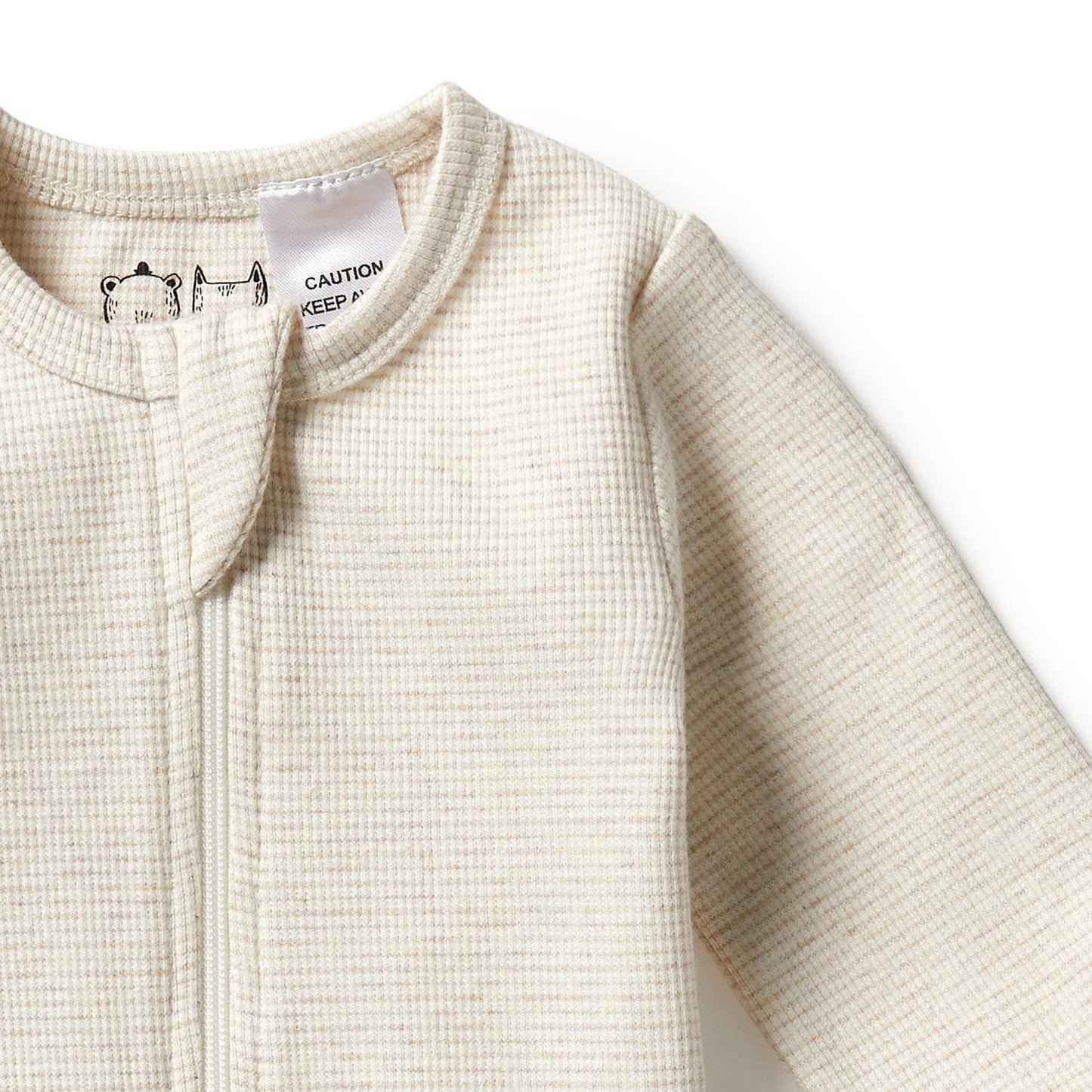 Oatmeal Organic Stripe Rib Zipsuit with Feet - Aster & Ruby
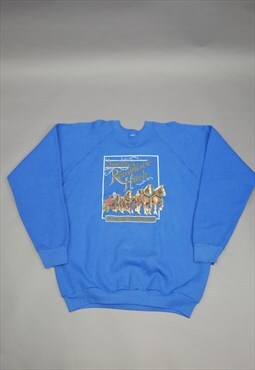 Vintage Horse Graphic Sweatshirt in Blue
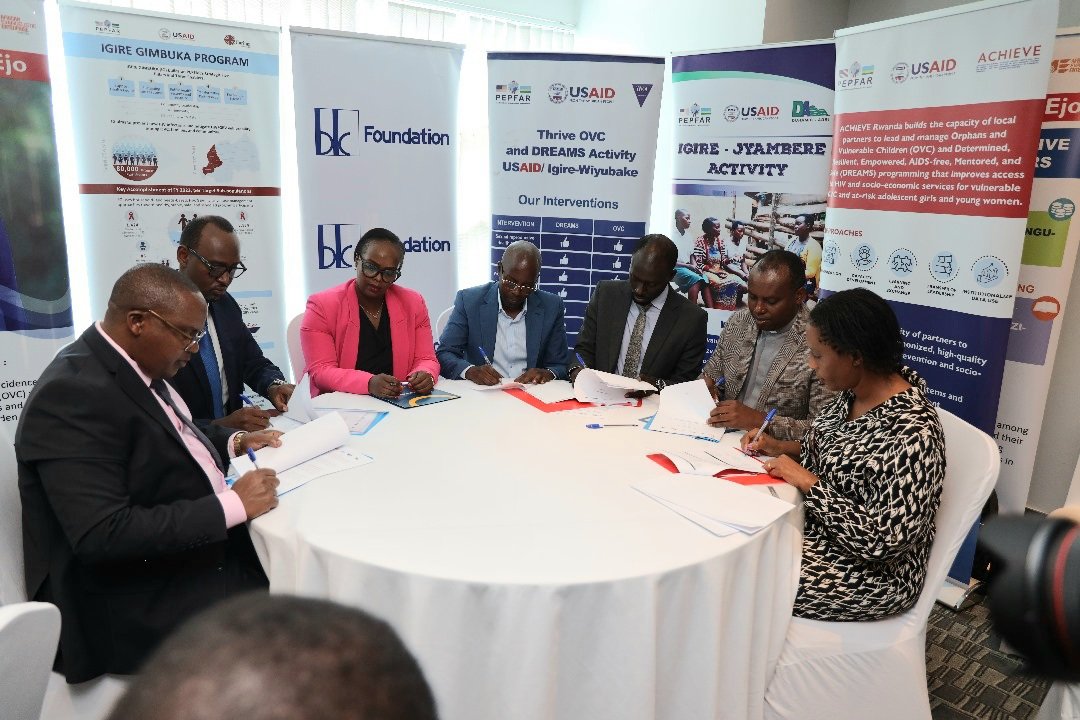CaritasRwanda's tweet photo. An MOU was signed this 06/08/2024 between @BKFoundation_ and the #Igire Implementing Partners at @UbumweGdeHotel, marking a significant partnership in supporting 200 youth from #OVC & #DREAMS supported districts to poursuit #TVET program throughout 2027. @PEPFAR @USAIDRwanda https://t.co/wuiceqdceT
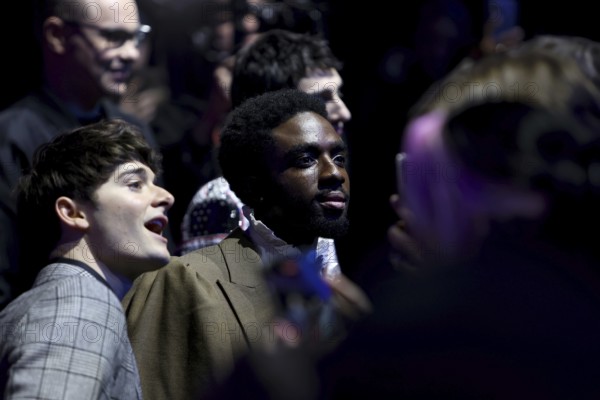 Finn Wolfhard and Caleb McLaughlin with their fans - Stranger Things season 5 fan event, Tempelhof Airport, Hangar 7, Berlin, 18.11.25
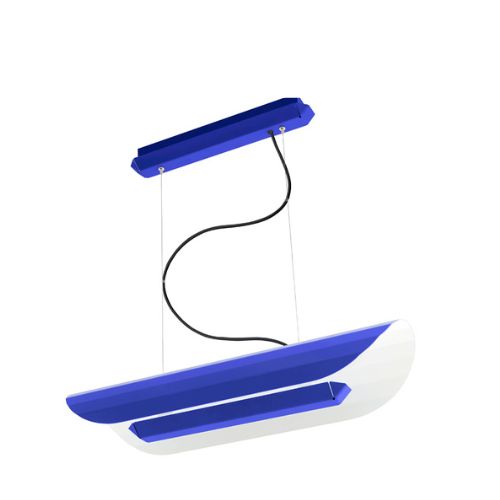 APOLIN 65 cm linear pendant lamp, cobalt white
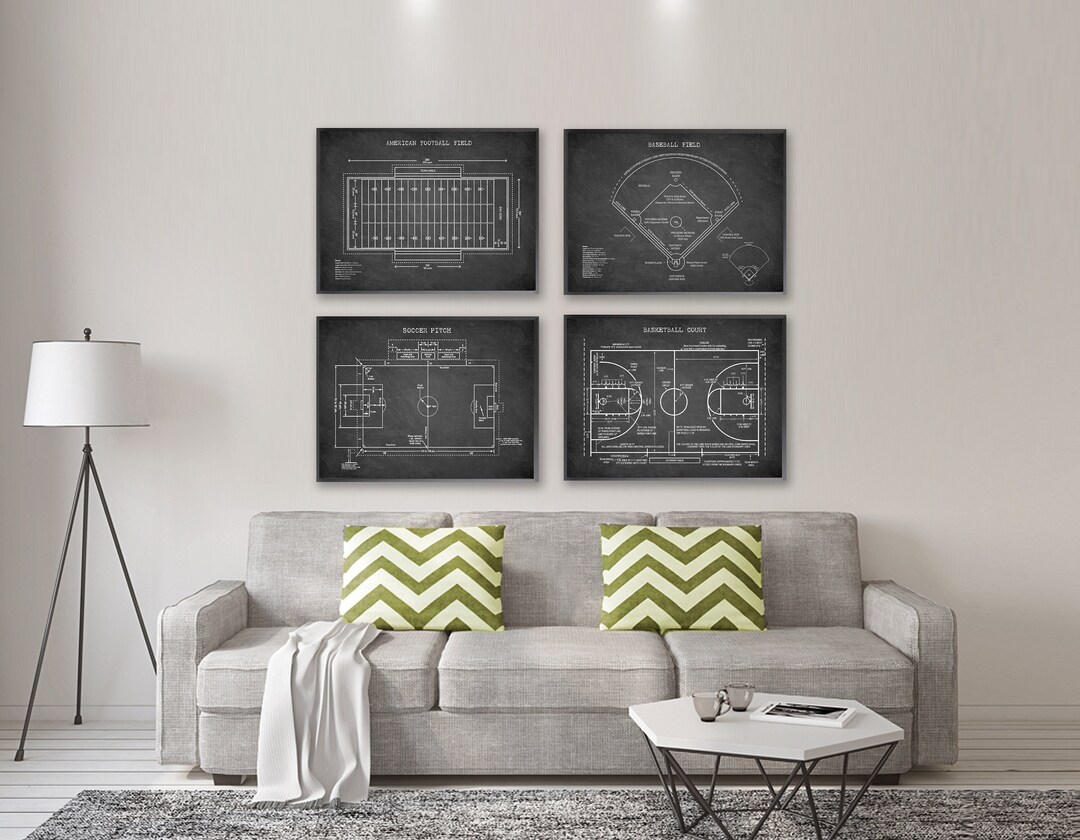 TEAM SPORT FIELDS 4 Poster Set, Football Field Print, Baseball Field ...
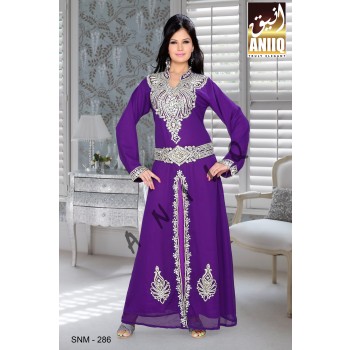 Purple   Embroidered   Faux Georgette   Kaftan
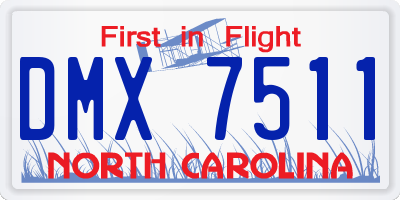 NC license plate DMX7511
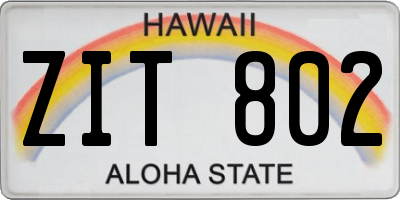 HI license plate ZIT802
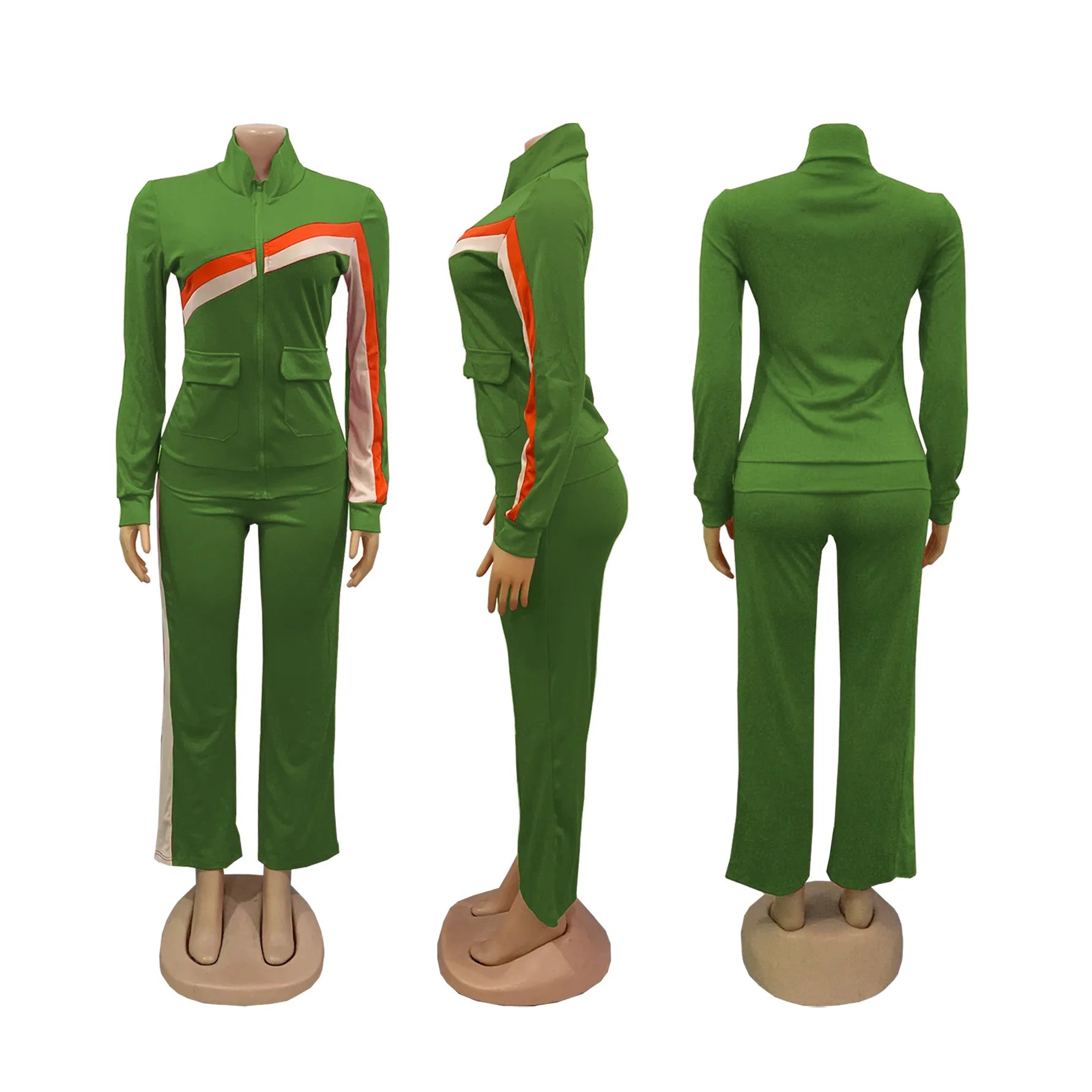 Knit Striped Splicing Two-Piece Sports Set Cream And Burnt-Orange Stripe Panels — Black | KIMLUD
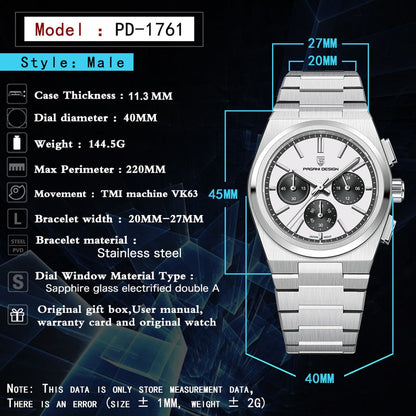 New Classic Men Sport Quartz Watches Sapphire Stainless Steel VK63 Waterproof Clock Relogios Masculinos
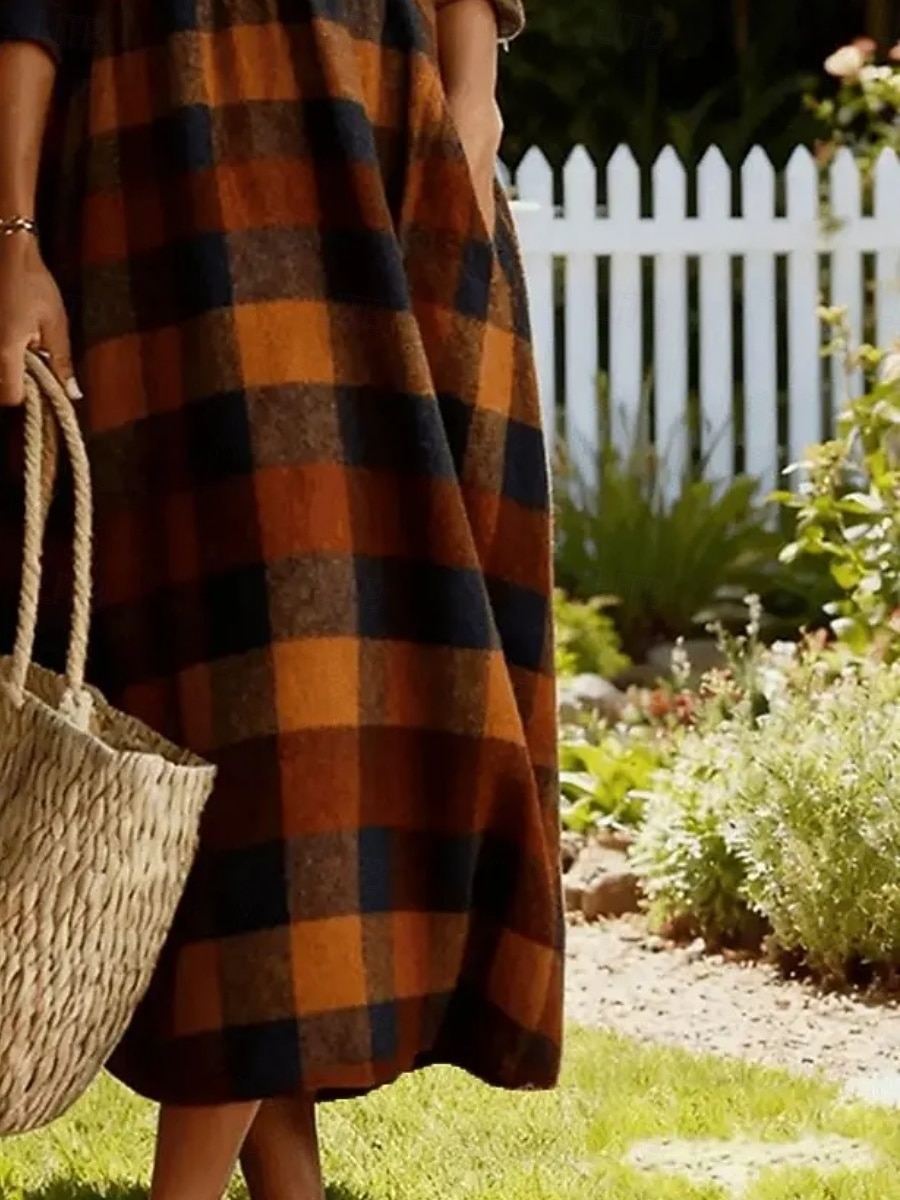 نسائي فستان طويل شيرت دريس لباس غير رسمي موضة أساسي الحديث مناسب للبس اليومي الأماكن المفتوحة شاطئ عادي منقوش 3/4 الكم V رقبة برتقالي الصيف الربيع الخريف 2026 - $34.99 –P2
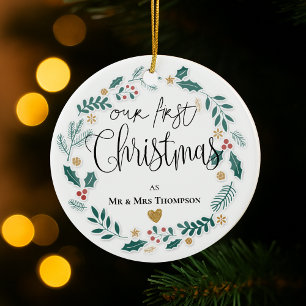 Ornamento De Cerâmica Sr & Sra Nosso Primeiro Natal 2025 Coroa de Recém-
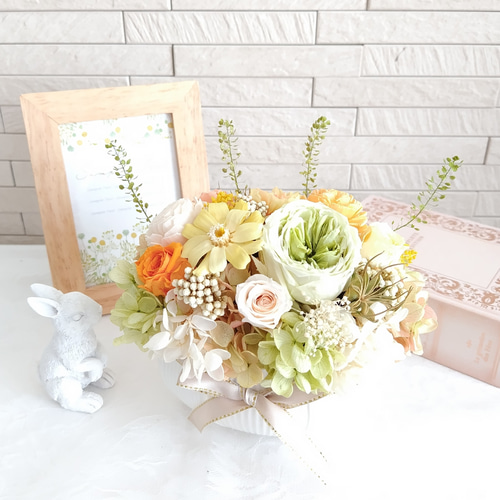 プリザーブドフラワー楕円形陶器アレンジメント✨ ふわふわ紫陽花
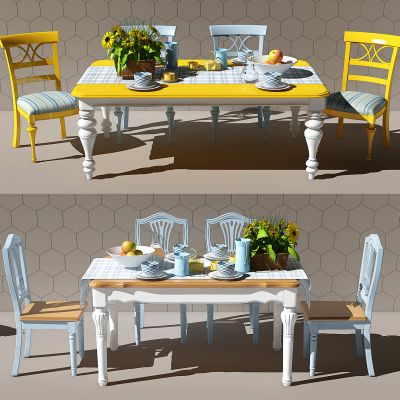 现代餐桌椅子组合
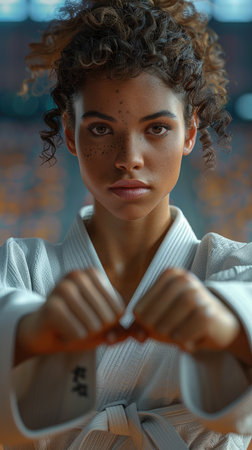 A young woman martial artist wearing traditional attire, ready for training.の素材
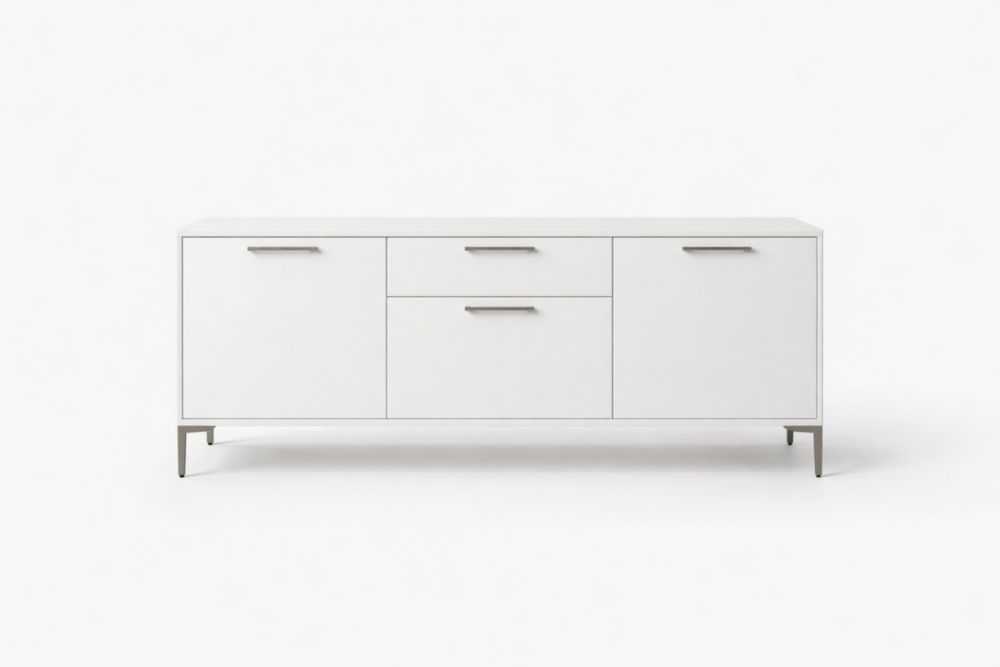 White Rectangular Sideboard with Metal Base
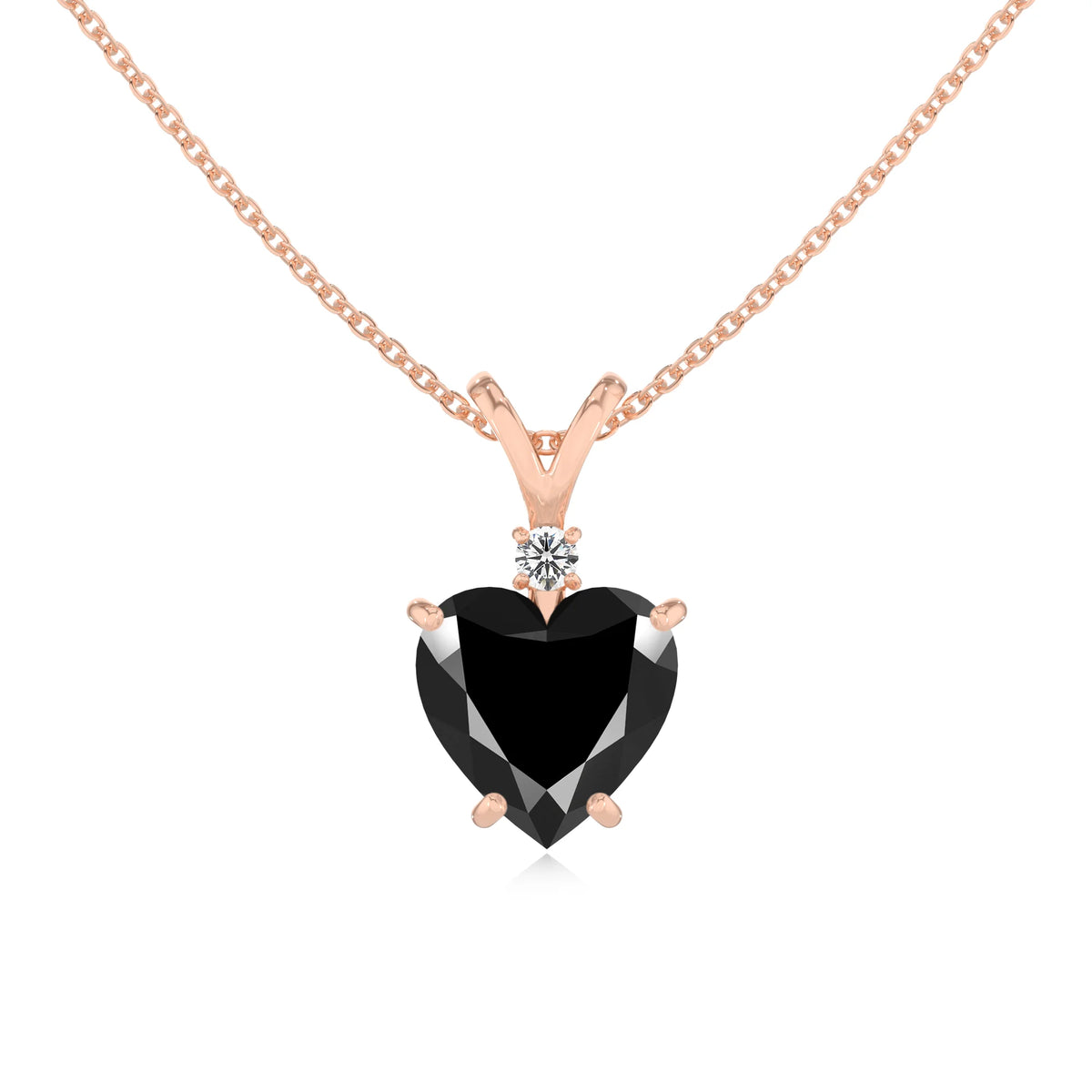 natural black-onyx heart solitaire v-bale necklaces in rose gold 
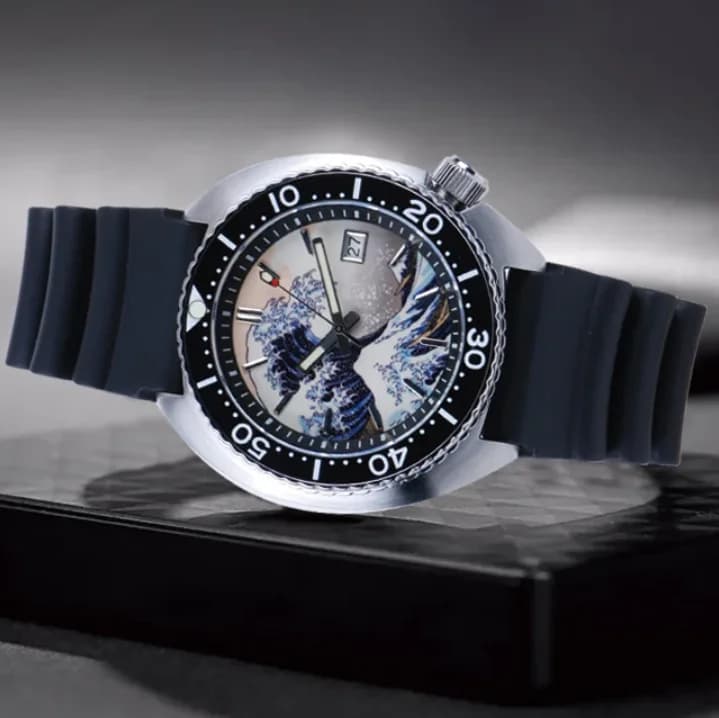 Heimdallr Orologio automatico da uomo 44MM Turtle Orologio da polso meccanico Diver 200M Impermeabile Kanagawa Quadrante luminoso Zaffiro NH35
********
• The problem:
Please give all of the material again, exactly, without the images.

• Task solution:
 Oatmeal Organic Stripe Rib Zipsuit with Feet - Aster & Ruby
 Vintage Horse Graphic Sweatshirt in Blue
CaritasRwanda's tweet photo. An MOU was signed this 06/08/2024 between @BKFoundation_ and the #Igire Implementing Partners at @UbumweGdeHotel, marking a significant partnership in supporting 200 youth from #OVC & #DREAMS supported districts to poursuit #TVET program throughout 2027. @PEPFAR @USAIDRwanda https://t.co/wuiceqdceT
 Finn Wolfhard and Caleb McLaughlin with their fans - Stranger Things season 5 fan event, Tempelhof Airport, Hangar 7, Berlin, 18.11.25
 APOLIN 65 cm linear pendant lamp, cobalt white
 TEAM SPORT FIELDS 4 Poster Set, Football Field Print, Baseball Field ...
 Purple   Embroidered   Faux Georgette   Kaftan
 NC license plate DMX7511
 HI license plate ZIT802
 Knit Striped Splicing Two-Piece Sports Set Cream And Burnt-Orange Stripe Panels — Black | KIMLUD
 New Classic Men Sport Quartz Watches Sapphire Stainless Steel VK63 Waterproof Clock Relogios Masculinos
 نسائي فستان طويل شيرت دريس لباس غير رسمي موضة أساسي الحديث مناسب للبس اليومي الأماكن المفتوحة شاطئ عادي منقوش 3/4 الكم V رقبة برتقالي الصيف الربيع الخريف 2026 - $34.99 –P2
 Ornamento De Cerâmica Sr & Sra Nosso Primeiro Natal 2025 Coroa de Recém-
 プリザーブドフラワー楕円形陶器アレンジメント✨ ふわふわ紫陽花
 现代餐桌椅子组合
 A young woman martial artist wearing traditional attire, ready for training.の素材
 White Rectangular Sideboard with Metal Base
 natural black-onyx heart solitaire v-bale necklaces in rose gold 
 Heimdallr Orologio automatico da uomo 44MM Turtle Orologio da polso meccanico Diver 200M Impermeabile Kanagawa Quadrante luminoso Zaffiro NH35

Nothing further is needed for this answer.